In 2016, the Bananas ended their inaugural season as the first seed in the CPL West Division, earning home-field advantage for the first two games of the playoffs. In game one, the Bananas beat the Asheboro Copperheads, 3–2, with the first walk-off in franchise history. The Bananas then defeated the Forest City Owls, 2–0, to win the CPL West Division championship and advance to the Petitt Cup Championship. Game one of the championship was played at Grayson Stadium, and the Bananas defeated the Peninsula Pilots, 8–4. The team traveled to Hampton, Virginia, where the Pilots' 4–3 win in game two forced an all-or-nothing game three. The Bananas took home the Petitt Cup after a 9–7 win in game three. The Bananas were named the league's organization of the year in both 2016 and 2017.

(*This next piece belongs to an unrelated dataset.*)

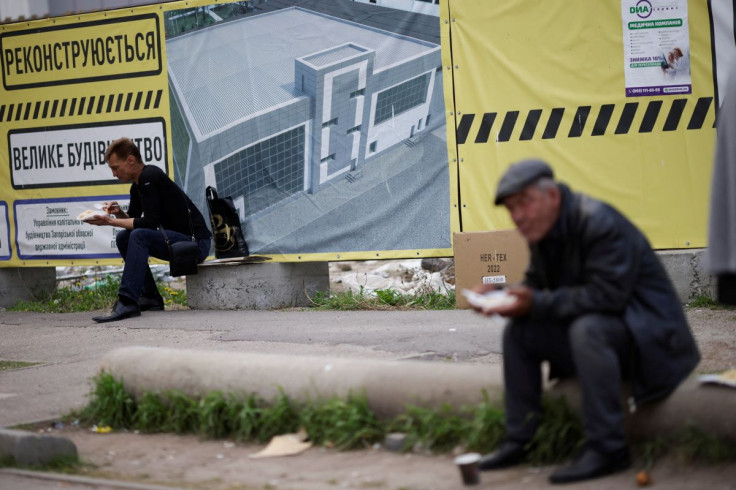 2022 年 5 月 4 日、ウクライナのザポリージャで、ロシアがウクライナに侵攻する中、人々が寄付金の収集場所に立つ中、食事をするウクライナの避難者。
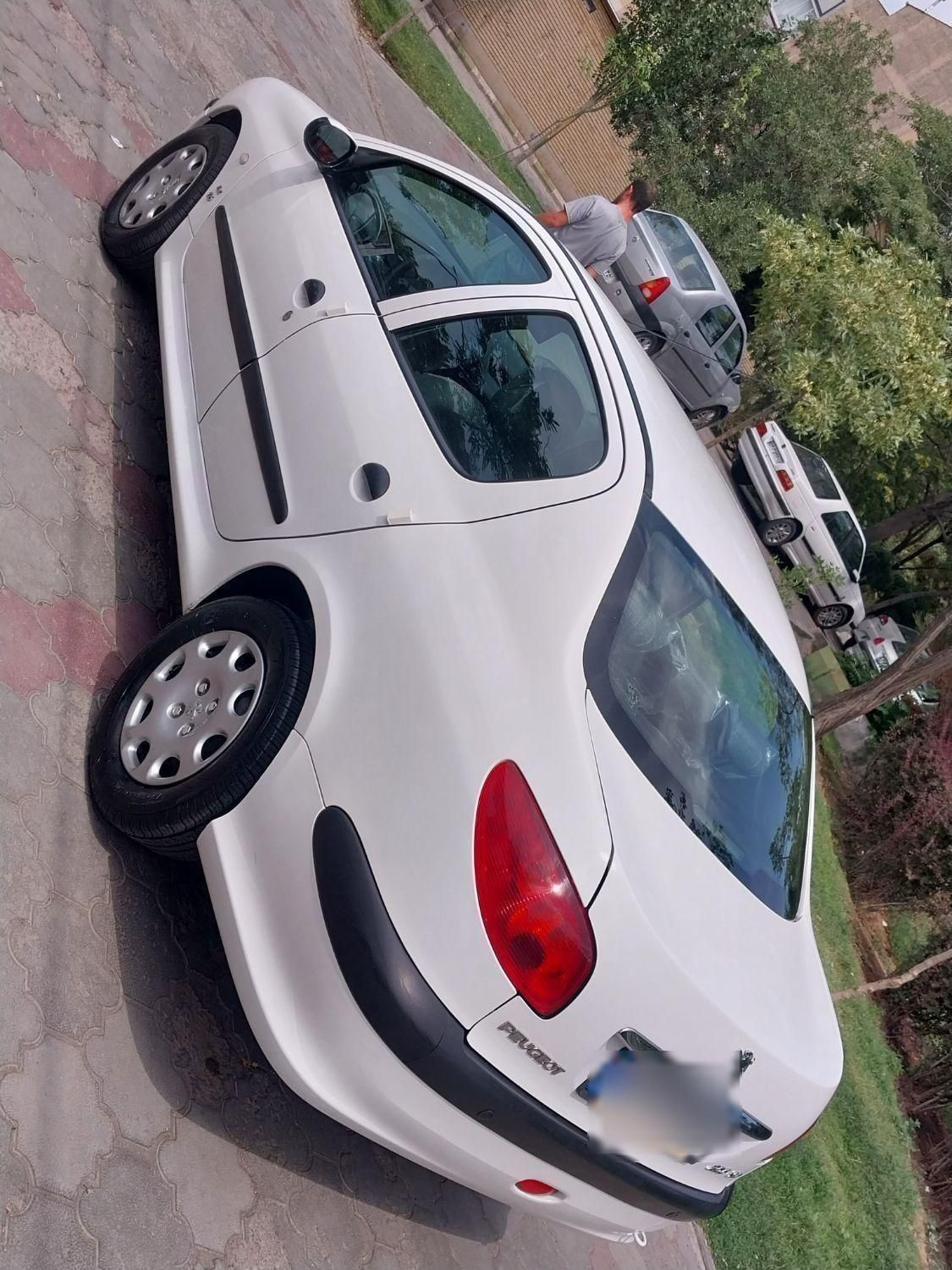 پژو ۲۰۶ صندوق دار v8 - 1397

=== Introduction to Banana Ball format ===

In 2018, the team created the alternative "Banana Ball" rule set and played its first intra-squad exhibition game using the format. As the format became more popular, the team played its first official game with Banana Ball rules on June 26, 2020, while playing away games under the standard CPL rules. The owner noted that this distinction, where the Bananas were effectively two different teams playing with two different rules, confused fans who might not know what to expect at a game.

In 2020 the Party Animals debuted as the opponent in Banana Ball games, similar to the relationship between the Harlem Globetrotters and the Washington Generals. Unlike Globetrotter exhibitions, games are unscripted and competitive.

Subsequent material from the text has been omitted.